| Task details |
Run through the records and show each line that includes the string "Wedding".

-------- Data records --------

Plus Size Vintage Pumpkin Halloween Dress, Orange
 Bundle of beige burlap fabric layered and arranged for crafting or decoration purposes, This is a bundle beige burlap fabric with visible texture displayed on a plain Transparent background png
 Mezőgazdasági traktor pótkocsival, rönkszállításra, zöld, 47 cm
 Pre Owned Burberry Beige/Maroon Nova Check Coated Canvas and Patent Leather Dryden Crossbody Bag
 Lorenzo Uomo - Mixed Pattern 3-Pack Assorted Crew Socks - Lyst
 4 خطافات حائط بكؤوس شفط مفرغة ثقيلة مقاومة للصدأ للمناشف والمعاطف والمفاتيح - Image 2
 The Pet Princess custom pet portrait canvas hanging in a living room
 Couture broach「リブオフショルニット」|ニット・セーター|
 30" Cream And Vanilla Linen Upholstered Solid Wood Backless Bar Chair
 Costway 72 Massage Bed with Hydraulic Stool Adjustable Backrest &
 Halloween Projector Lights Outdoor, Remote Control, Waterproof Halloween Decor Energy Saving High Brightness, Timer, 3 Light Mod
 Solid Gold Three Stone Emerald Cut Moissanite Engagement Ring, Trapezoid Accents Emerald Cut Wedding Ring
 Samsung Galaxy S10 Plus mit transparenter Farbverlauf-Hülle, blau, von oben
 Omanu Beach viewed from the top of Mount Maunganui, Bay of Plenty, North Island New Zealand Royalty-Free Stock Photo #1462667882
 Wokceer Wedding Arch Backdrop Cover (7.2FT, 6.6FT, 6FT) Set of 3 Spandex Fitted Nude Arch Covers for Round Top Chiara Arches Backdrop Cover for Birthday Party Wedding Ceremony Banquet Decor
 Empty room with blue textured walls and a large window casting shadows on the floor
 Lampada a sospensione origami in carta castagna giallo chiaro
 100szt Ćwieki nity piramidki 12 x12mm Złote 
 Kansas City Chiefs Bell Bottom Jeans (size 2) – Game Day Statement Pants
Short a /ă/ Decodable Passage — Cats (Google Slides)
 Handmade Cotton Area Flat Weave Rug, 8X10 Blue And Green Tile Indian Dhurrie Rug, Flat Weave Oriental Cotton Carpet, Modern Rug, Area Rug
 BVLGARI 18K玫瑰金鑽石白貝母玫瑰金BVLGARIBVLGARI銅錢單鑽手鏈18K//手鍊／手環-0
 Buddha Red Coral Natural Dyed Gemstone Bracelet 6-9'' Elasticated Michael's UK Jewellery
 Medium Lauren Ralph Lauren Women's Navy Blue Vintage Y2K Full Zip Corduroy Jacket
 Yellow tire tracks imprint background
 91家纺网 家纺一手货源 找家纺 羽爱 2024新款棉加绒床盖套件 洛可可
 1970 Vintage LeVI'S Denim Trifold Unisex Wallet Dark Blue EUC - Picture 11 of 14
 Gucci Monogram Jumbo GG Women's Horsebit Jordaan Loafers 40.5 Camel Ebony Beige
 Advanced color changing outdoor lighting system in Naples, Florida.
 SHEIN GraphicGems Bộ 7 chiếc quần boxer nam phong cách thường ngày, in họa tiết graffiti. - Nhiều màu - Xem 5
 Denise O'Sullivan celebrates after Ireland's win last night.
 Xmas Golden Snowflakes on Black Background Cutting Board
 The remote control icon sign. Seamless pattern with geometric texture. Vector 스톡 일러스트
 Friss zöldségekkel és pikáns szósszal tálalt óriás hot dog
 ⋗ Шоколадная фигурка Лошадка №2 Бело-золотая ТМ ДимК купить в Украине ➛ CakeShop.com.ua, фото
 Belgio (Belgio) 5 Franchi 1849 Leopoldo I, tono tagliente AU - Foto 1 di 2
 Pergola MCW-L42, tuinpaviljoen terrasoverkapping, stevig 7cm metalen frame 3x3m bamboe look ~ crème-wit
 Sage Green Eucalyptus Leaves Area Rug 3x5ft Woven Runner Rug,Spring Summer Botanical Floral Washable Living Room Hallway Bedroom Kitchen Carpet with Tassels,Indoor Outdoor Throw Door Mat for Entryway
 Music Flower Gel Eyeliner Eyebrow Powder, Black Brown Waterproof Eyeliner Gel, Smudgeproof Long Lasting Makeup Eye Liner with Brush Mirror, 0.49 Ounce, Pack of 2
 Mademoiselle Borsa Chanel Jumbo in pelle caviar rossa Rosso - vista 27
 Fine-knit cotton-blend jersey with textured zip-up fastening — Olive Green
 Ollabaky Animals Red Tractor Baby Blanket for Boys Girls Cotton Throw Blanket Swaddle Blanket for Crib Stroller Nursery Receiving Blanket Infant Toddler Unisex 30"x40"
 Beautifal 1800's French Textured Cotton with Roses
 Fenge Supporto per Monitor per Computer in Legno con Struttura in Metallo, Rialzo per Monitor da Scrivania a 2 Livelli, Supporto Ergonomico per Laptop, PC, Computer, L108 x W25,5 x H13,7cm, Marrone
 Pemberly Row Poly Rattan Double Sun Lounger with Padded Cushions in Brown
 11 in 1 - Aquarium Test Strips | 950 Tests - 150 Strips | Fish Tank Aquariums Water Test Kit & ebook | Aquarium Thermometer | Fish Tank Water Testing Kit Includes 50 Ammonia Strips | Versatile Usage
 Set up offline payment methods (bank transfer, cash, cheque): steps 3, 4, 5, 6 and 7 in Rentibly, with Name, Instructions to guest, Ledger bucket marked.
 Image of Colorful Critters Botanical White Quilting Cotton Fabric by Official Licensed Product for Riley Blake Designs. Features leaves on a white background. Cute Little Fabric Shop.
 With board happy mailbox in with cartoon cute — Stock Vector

--------

| Result for this exercise |
 Solid Gold Three Stone Emerald Cut Moissanite Engagement Ring, Trapezoid Accents Emerald Cut Wedding Ring
 Wokceer Wedding Arch Backdrop Cover (7.2FT, 6.6FT, 6FT) Set of 3 Spandex Fitted Nude Arch Covers for Round Top Chiara Arches Backdrop Cover for Birthday Party Wedding Ceremony Banquet Decor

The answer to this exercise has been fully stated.